Diagnosis of type 2 diabetes and prediabetes

T2D and prediabetes were diagnosed according to the American Diabetes Association criteria [18]. Diabetes was defined as a fasting plasma glucose ≥126 mg/dl; random plasma glucose ≥200 mg/dl; HbA1c ≥ 6.5% (≥48 mmol/mol), or under medical treatment for diabetes. Individuals without diabetes at baseline who met any of these conditions in the subsequent health check-ups were considered to have incident T2D. Prediabetes was defined as a HbA1c of 5.7 to 6.4% (39 to 46 mmol/mol).

Other covariates

In one major company, data on shift work, alcohol consumption, sleep duration, leisure-time physical activity, and family history of diabetes were also obtained via a self-administered questionnaire. These variables were adjusted for in a sensitive analysis.

Statistical analyses

To assess the statistical significance of the differences in background characteristics of the study population across categories for the three smoking statuses, we used analysis of variance and Pearson chi-square test. Imputation, based on a regression model, was used to estimate missing values from known values to account for missing data [19] for waist circumference (missing in 5.2% of respondents). Age, sex, and BMI were included as covariates in the imputation.

Person-time was calculated from the date of the baseline examination to the date of the first diagnosis of diabetes in a subsequent examination or to the date of the last examination, whichever occurred first. We estimated age-adjusted incidence rate per 1,000 person-years and calculated the attributable risk for current and former smokers by subtracting age-adjusted incidence rate of never smokers from those of current or former smokers, respectively. We used Cox proportional hazards model to estimate hazard ratios (HRs) for incident diabetes by categories of smoking status, considering never smoker as the reference category. The first model was adjusted for baseline age (y, continuous), sex, and worksite. The second model was additionally adjusted for hypertension (yes or no), waist circumference (cm, continuous), and BMI (kg/m2, continuous).
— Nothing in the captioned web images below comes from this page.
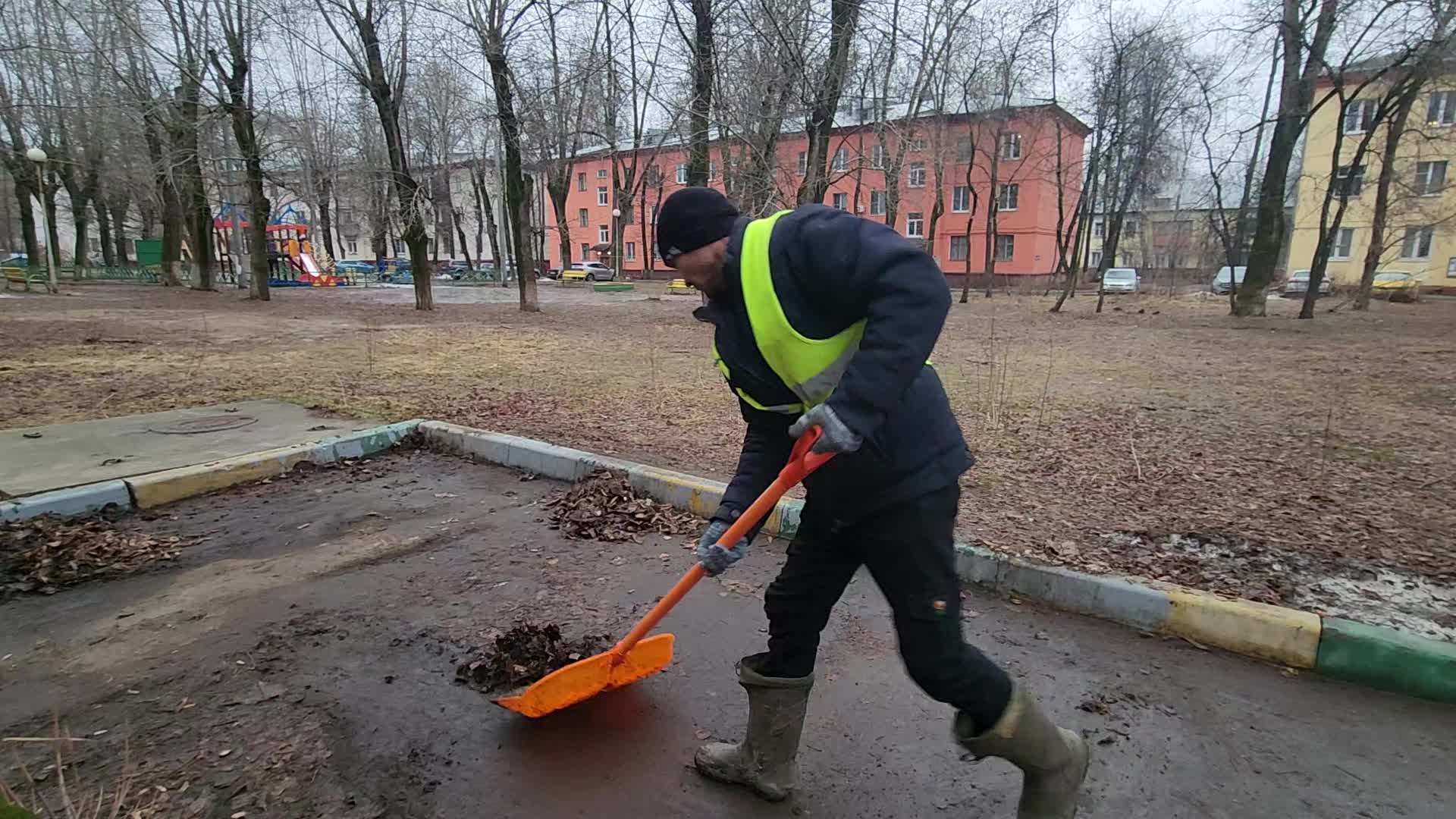 Уборка территорий в Перми в октябре
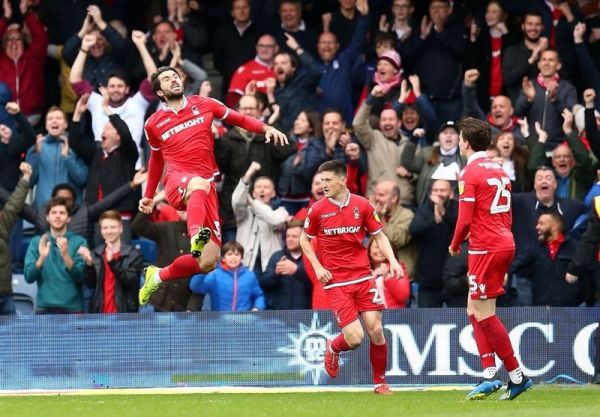 پیروزی ناتینگهام فارست با گلزنی انصاریفرد شکست ردینگ در روز بازگشت عزتاللهی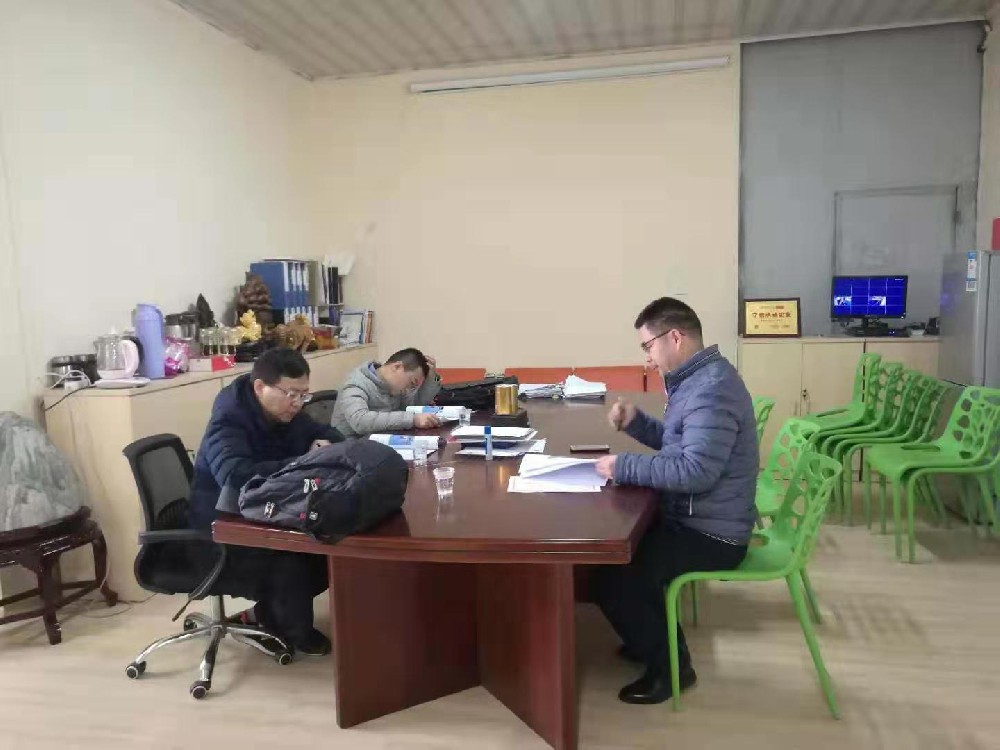 山東京博集團研究院中心實驗室張杰主任到魯米星定制加工玻璃管反應釜。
In one company (n = 32,373) where detailed information on lifestyle was available, we conducted a sensitivity analysis by adding to the second model alcohol intake (<23 or ≥23 g ethanol/d), shift work (yes or no), sleeping time (<6, 6 to <7, or ≥7 h/d), physical activity (<150 or ≥150 min/wk), and family history of diabetes (yes or no). We performed a stratified analysis according to BMI (<23 or ≥23 kg/m2). We repeated the above analysis after excluding 888 subjects with chronic diseases including stroke, angina pectoris, myocardial infarction, ischemic heart disease, and cancer. We also conducted several stratified analyses according to age (<45 and ≥45 years), prediabetes status, and hypertension status. Interaction terms between smoking status and the above-mentioned stratifying variables (dichotomous) were created and included in the model to assess statistical interactions. P for interaction was examined by using the likelihood ratio test.

Multivariable-adjusted HRs for incident diabetes by categories of smoking intensity who smoked 1 to 10, 11 to 20, and >20 cigarettes per day, compared with persons who never smoked, were estimated. Tests for trends were performed by assigning the categories of smoking intensity as ordinal numbers and modelling this variable as a continuous variable. To assess the effects of smoking cessation on the risk of diabetes, we stratified the study population into 5 smoking categories: never smokers, former smokers (years since quitting ≥10, 5 to 9, <5 years), and current smokers. All analyses were performed using Stata version 13.1 (StataCorp, College Station, Texas, USA).


Table 1 shows baseline characteristics of the study population by smoking status. Former smokers were older, had a higher BMI, larger waist circumference, hypertension, a family history of diabetes, and were physically more active than their counterparts. Current smokers were more likely to be shift workers and alcohol drinkers than never smokers and past smokers.

Table 1. Characteristics of study population without diabetes at baseline.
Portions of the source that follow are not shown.